I don't think scooby_dooby understands that it costs more to put that same stuff (controller, read arms, etc) in a smaller space. The HDD market is very different from the semiconductor market and prices do not get much lower when you are already buying the cheapest drive possible because of high set costs associated with any drives of any capacity.

PS: There is no such thing as an external hard drive. Its just a regular hard drive put in a case.
 
a688 said:
I don't think scooby_dooby understands that it costs more to put that same stuff (controller, read arms, etc) in a smaller space. The HDD market is very different from the semiconductor market and prices do not get much lower when you are already buying the cheapest drive possible because of high set costs associated with any drives of any capacity.

PS: There is no such thing as an external hard drive. Its just a regular hard drive put in a case.

Ok. So why have 300gb HDD's droped sp drastically in price over the last couple years?

How come, every new type of HDD (external standalone units, 2.5" laptop units, etc) starts out expensive when they first launche then drop in price?

According to you guys, a new type of HDD launches at a set price, and never ever drops. It has an absolutely flat pricing curve, from my experience buying parts for my PC's, that's just plain false. They do start out at a premium, and drop over the course of a few years...
 
Often those new types of HDDs are using multiple platters. They go down in price to manufacture as they reduce the platters (increasing the data density per platter). And the market just dictates that the old stuff should be cheaper than the new stuff -- a 150gb drive and a 250gb drive may be the exact same price to manufacture for some companies, but the 250 will have a premium.

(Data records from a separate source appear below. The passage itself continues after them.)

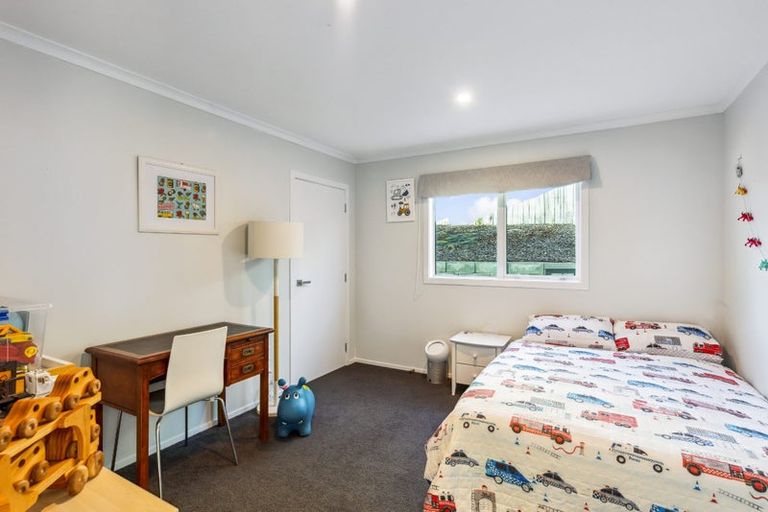 Photo of property in 156 Field Way, Waikanae Beach, Waikanae, 5036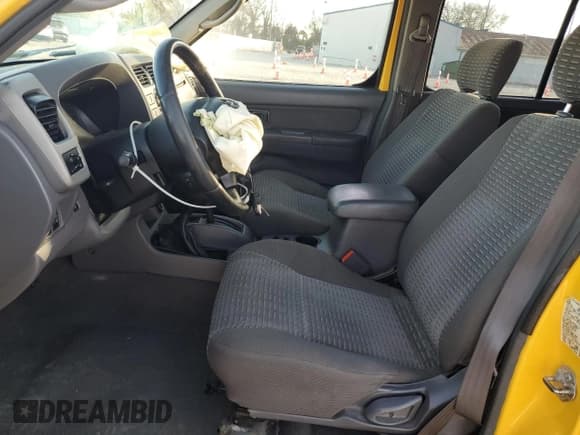 ✅ 2001 Nissan Xterra SE • VIN: 5N1ED28Y21C568892 • Lot: 85430915. Wystawiony na Copart z przebiegiem 244 411 mil. Bezpłatny archiwum sprzedaży aukcyjnych z USA i szczegółowy raport historii pojazdu na DreamBid. Zdjęcie 7.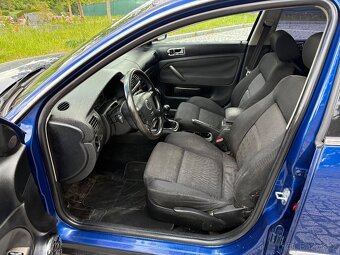VOLKSWAGEN PASSAT VARIANT 2.5TDI V6--NOV STK - 4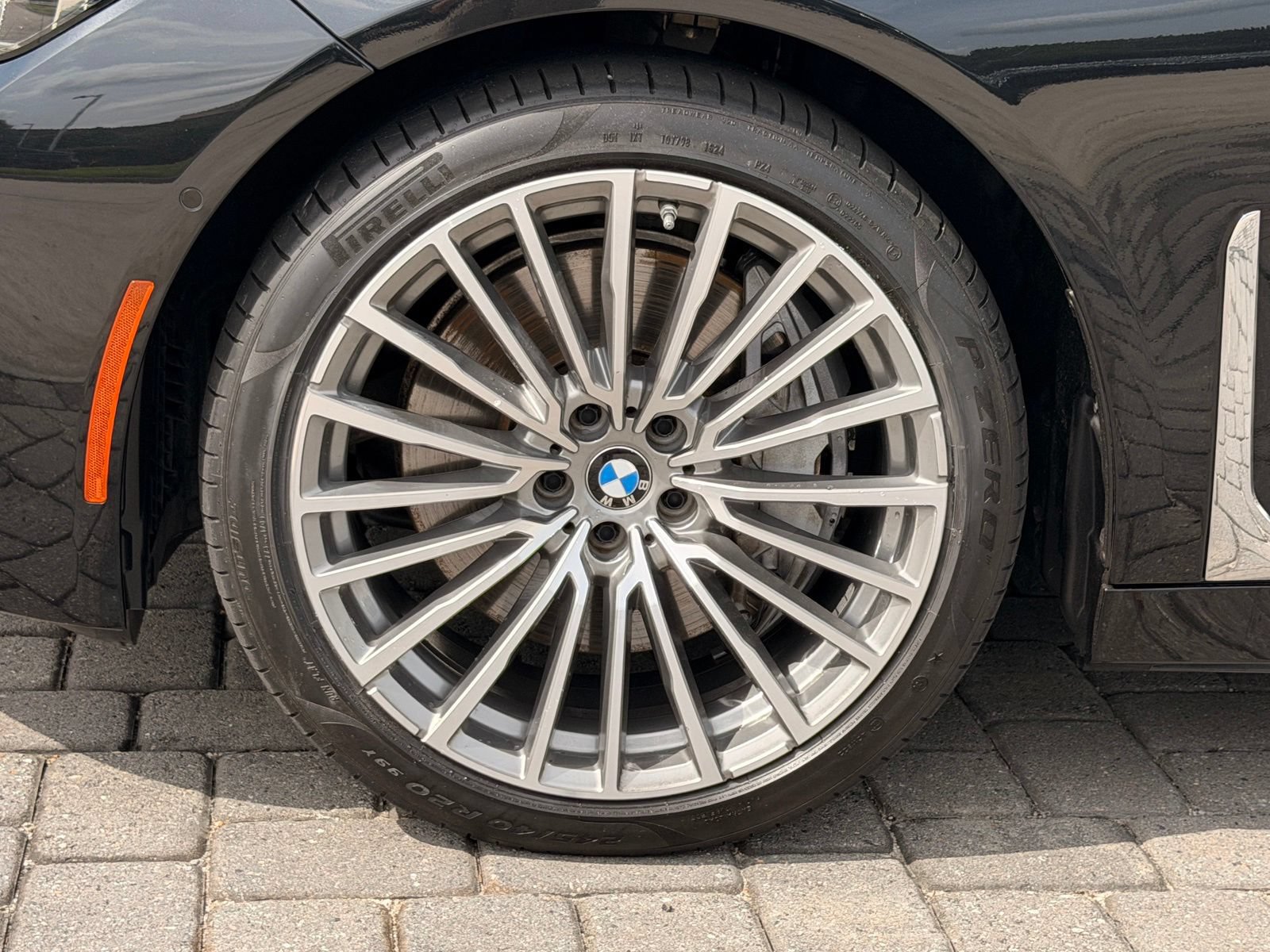 Used 2022 BMW 750i xDrive w/ Executive Package AWD/4WD image 13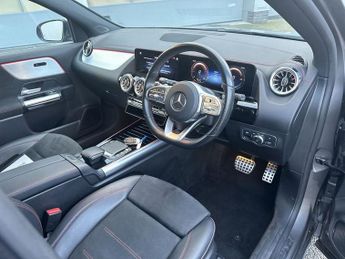 MERCEDES-BENZ EQA EQA 250 66.5kWh AMG Line (Premium) SUV 5dr Electric Auto (190 ps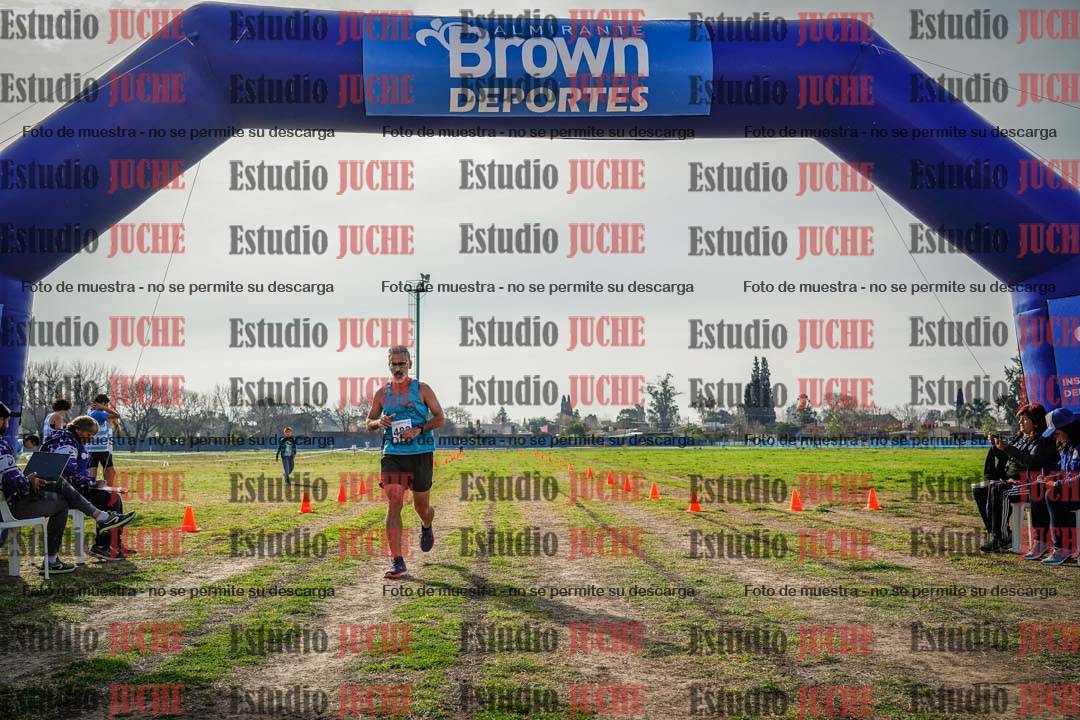 Fotos de la llegada del cross de 6000mts - Running Teams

The 20gb drives are already using only 1 platter, so they can't really go down in price. It's likely that Seagate is charging some sort of premium at the moment (but probably not much, since MS probably went with the cheapest provider), but we're talking peanuts. Even assuming the ML sheet is right (which is a dangerou assumption), we're still only talking about an item that makes up a small percentage of the total.

Regardless, doesn't matter so much, as either way it goes it isn't going to affect the consumer. Sony, Nintendo, and MS all know how much they can expect to shell out for each console produced and have it planned out in that respect before the console is even released -- I'd like to believe they have a somewhat better idea of the costs of things than ML does, so regardless of the prices ML shows it doesn't matter to us.